** Opening Data block **

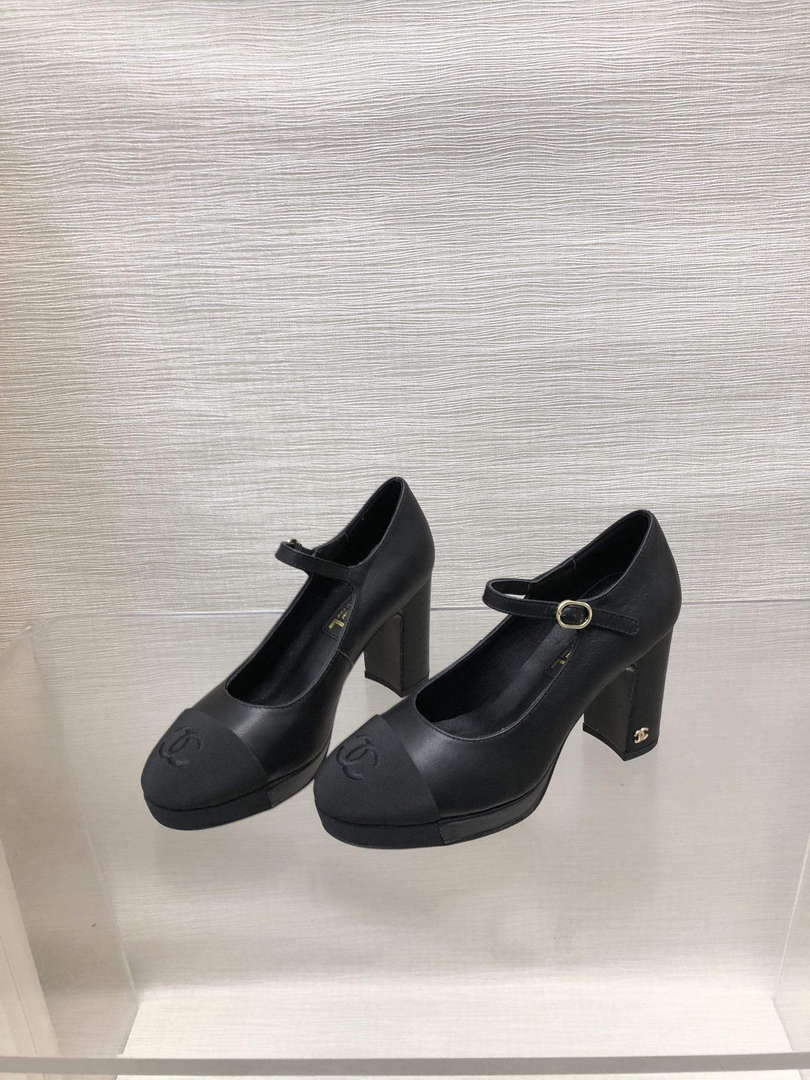 Chanel Women's Pumps Fashion Shoes C93266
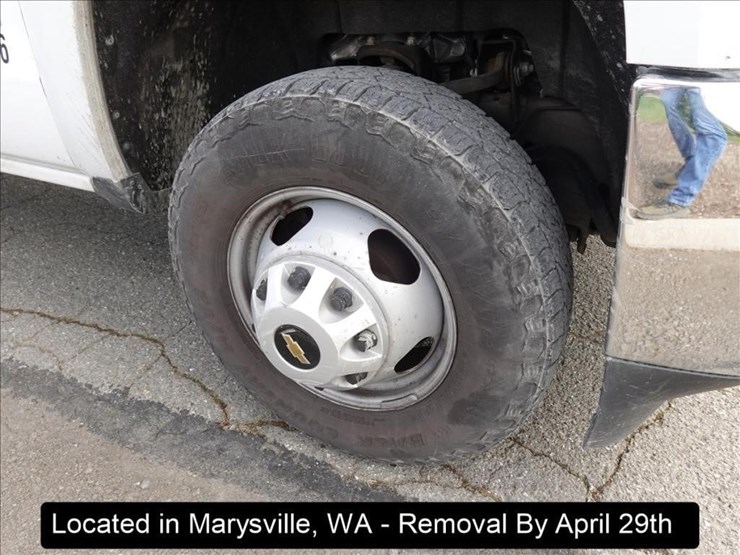 2019-chevrolet-3500-image-2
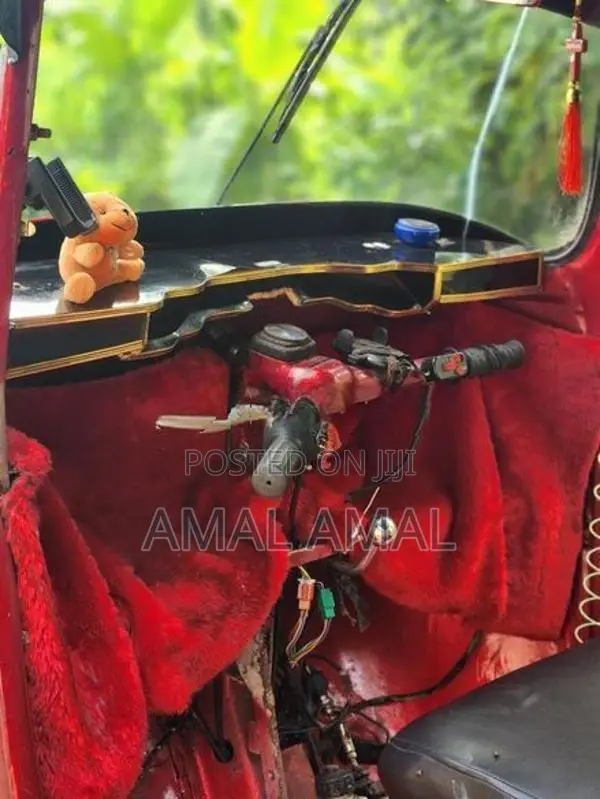 Bajaj RE 1997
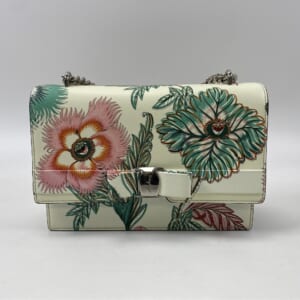 サルヴァトーレ フェラガモ チェーンショルダーバッグ ホワイト レザー 買取実績【買取日：2026年1月24日】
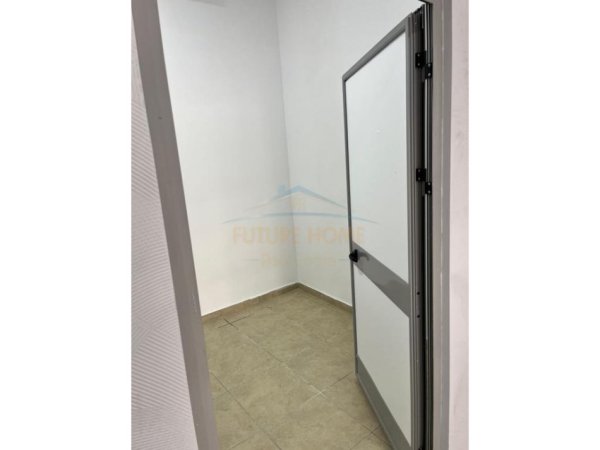 Durres, jepet me qera ambjent biznesi Kati 0, 52 m² 350 € (PRANE KAZAZIT. DURRES)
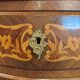 Petite commode sauteuse louis XV marquetée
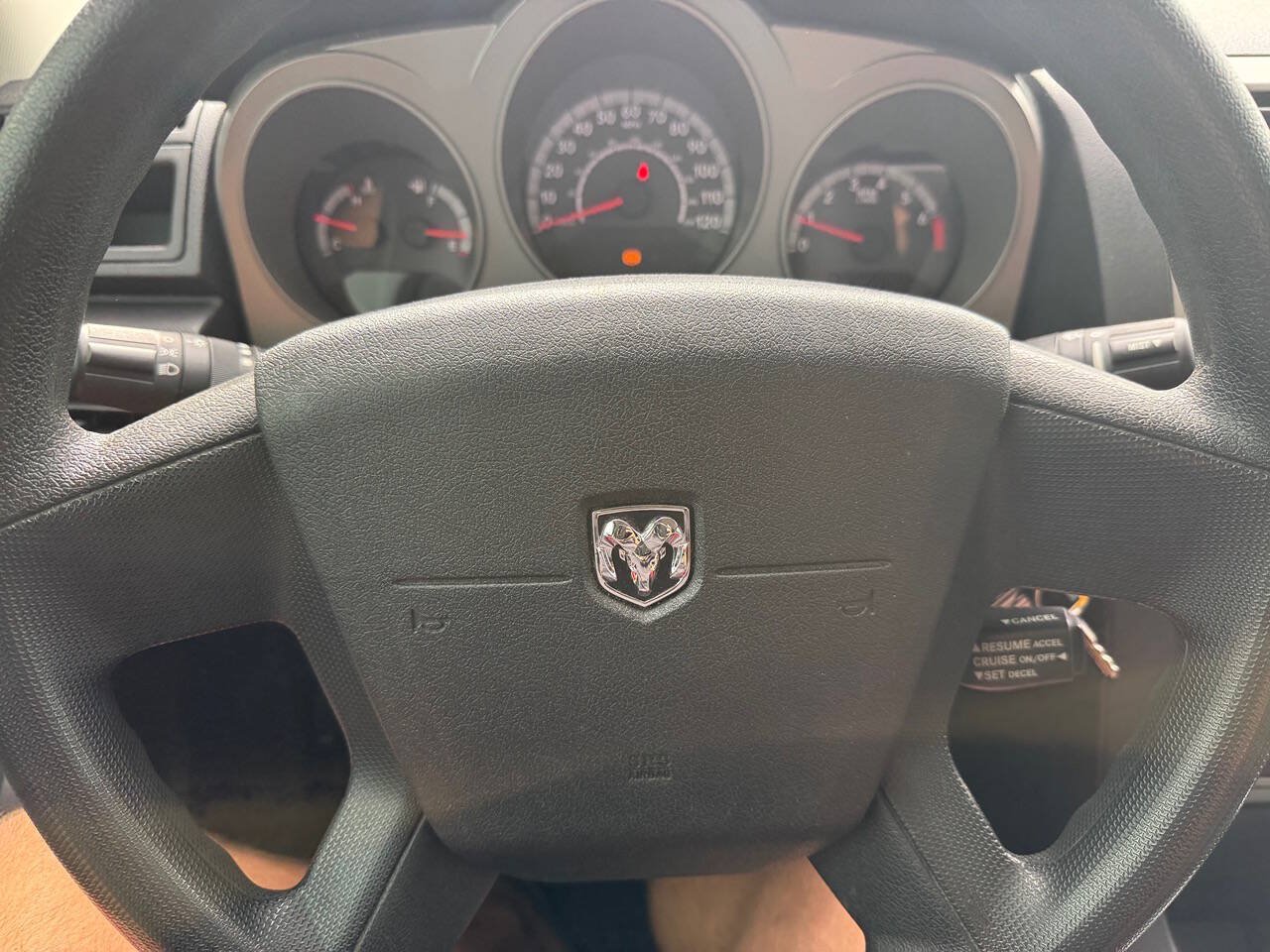 Used 2010 Dodge Avenger SXT FWD image 26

** Closing Data block **

Find the line containing "Petite commode sauteuse louis XV marquetée" in the records above and restate it, and each line after it through the end, word for word, dropping the pictures.

### Task solution:
 Petite commode sauteuse louis XV marquetée
 Used 2010 Dodge Avenger SXT FWD image 26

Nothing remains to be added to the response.